Prata canarinha: Daniel Cargnin conquista o 2º lugar do mundial de judô
Prata canarinha: Daniel Cargnin conquista o 2º lugar do mundial de judô

 

Atleta brasileiro venceu cinco lutas no mesmo dia, mas foi derrotado na decisão pelo vice-campeão olímpico Joan-Benjamin Gaba

O judoca brasileiro Daniel Cargnin conquistou a medalha de prata no Campeonato Mundial de Judô, em Budapeste, no último domingo (15/06). 

O gaúcho de 27 anos venceu cinco lutas na categoria até 73 kg, mas foi superado na final pelo francês Joan-Benjamin Gaba, vice-campeão olímpico em Paris 2024. Mais cedo no mesmo dia, o Brasil celebrou outra conquista, com o bronze de Shirlen Nascimento na categoria até 57 kg, totalizando duas medalhas no torneio.

Cargnin, que teve uma campanha irregular nas Olimpíadas de Paris, onde caiu na estreia individual e conquistou apenas um bronze por equipes, demonstrou resiliência em Budapeste. 
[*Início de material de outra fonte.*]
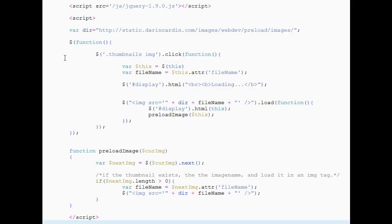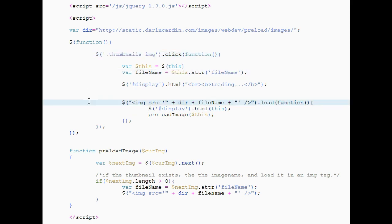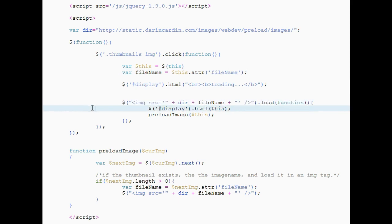So let's look at the JavaScript. All I'm doing is assigning a click event to all the thumbnails. And when a thumbnail is clicked, I get the image name from the thumbnail and load it into an image tag. I then add the image tag to the HTML. And as soon as this is done, I call the preload function.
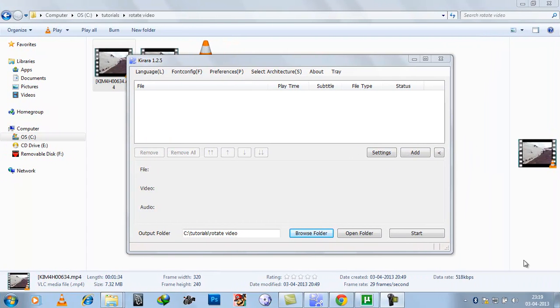Welcome to how to tutorial scene channel. Now today we will learn how to rotate a video. We will rotate videos with MKV format, MP4, and 3GP format.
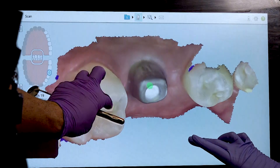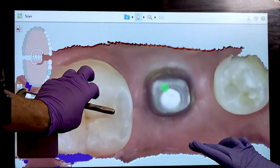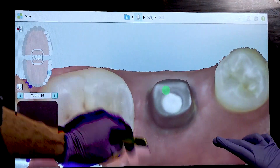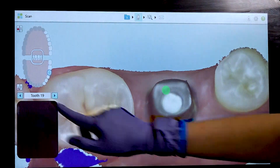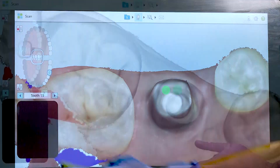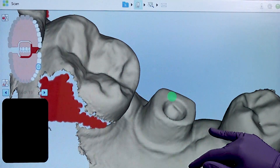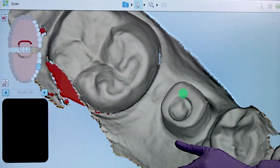In the first acquisition, we tried scanning the abutment without gingival retraction. As you can see, it is hard to visualize the margin all the way around the abutment.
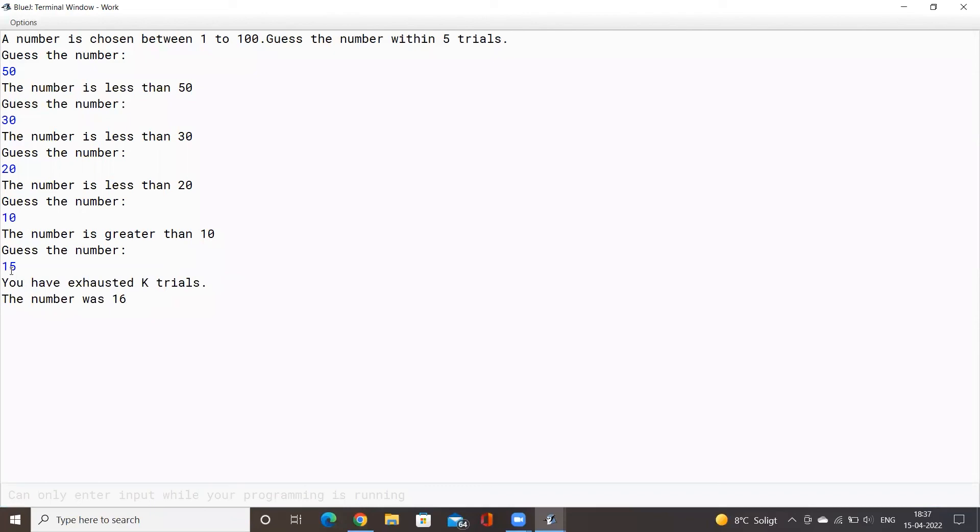Okay so I was really close but the number was actually 16. So I've exhausted all of my trials basically.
Sua trajetória no Mundial incluiu vitórias sobre adversários de peso, como o kosovar Akil Gjakova, que o eliminou em Paris, e o alemão Igor Wandtke, algoz na disputa por equipes olímpicas. Ele também superou o montenegrino Jahja Nurkovic, o japonês Tatsuki Ishihara e o sérvio Baisangur Bagajey. 
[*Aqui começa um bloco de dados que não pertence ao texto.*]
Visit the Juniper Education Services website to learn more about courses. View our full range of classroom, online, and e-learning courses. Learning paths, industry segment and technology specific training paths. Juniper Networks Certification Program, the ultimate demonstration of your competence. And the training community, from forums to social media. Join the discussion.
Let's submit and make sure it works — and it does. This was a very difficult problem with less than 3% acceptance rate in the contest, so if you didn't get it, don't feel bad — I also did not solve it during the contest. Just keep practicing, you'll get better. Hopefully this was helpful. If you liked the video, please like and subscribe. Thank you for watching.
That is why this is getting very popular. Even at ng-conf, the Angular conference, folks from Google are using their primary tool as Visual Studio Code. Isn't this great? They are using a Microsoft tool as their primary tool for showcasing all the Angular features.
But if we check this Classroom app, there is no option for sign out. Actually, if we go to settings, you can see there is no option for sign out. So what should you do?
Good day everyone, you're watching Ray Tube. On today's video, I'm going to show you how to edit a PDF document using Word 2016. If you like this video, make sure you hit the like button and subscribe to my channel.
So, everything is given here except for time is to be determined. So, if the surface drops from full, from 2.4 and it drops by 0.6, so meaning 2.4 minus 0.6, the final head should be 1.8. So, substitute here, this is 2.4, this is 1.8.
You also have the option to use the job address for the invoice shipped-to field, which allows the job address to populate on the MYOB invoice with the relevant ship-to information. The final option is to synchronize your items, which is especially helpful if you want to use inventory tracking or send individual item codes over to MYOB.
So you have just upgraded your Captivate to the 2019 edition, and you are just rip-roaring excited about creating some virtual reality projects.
Na final, contra Gaba, a luta foi equilibrada, com ambos forçando punições no tempo normal. Um corte no supercílio de Cargnin, que exigiu atendimento médico, marcou a prorrogação, onde o francês conseguiu um golpe decisivo no golden score.
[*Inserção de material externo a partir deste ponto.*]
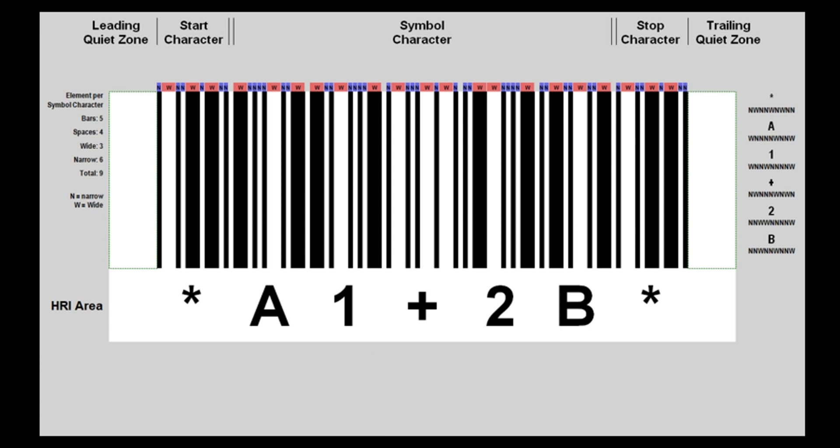Code 39 is a discrete symbology. Two adjacent characters are separated by an inter-character gap. To have good barcode quality, the minimum width of the gap is equal to the narrow element's width. And that's all about the Code 39 symbol structure.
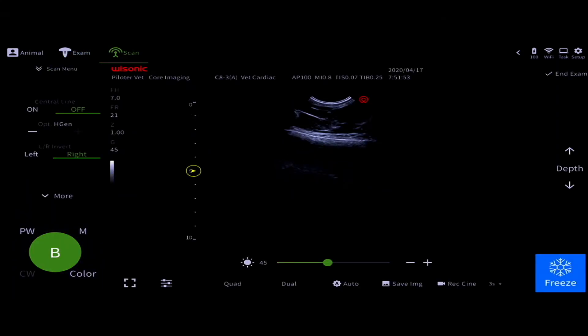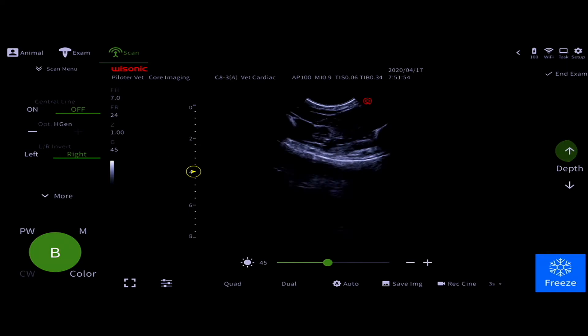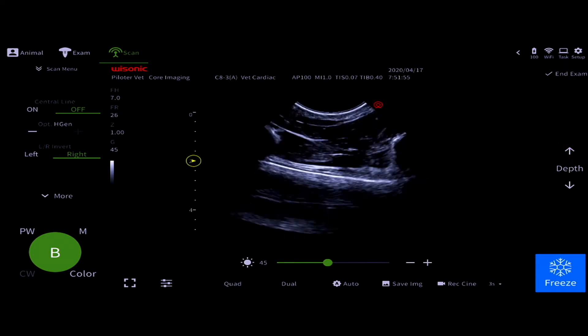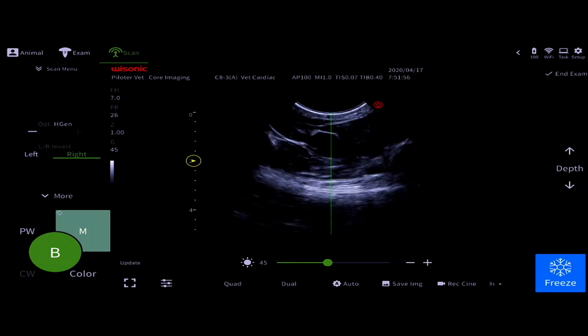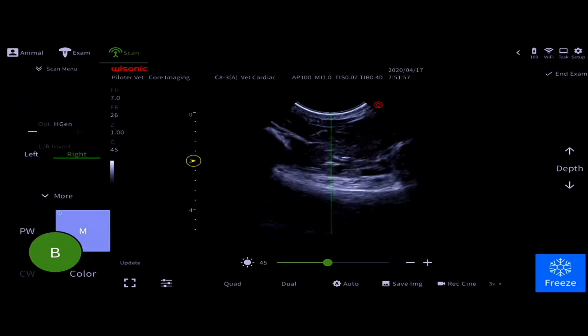Once you have the image where you'd like it to be, with depth and gain, press the M-Mode button.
“Queria o ouro, mas estou feliz com a caminhada. Já venci e perdi do Gaba antes. Ele mudou a estratégia, abriu mão de lutar como canhoto e dificultou minha pegada. Agora é treinar para sair com o ouro na próxima”, disse Cargnin ao SporTV, destacando a evolução após um ciclo olímpico marcado por lesões.

A prata de Cargnin é um marco para o judô brasileiro: ele é o primeiro judoca do país a chegar a uma final de Mundial desde Rafael Silva, em 2013. 

Shirlen Nascimento complementou o dia positivo com um bronze, reforçando a força do Brasil no feminino. A competição, que segue até sexta-feira (20), ainda pode render mais pódios, com a disputa por equipes prevista para o último dia.

Especulações apontam que Cargnin, agora em ascensão, pode se consolidar como líder da seleção brasileira rumo ao próximo ciclo olímpico. 

A rivalidade com Gaba, que já venceu Cargnin duas vezes em três confrontos, promete novos capítulos, especialmente no Grand Slam de Tóquio, em dezembro. 

O Brasil volta ao tatame nesta segunda (16/06) com Rafaela Silva na categoria até 57 kg, buscando manter o ímpeto em Budapeste.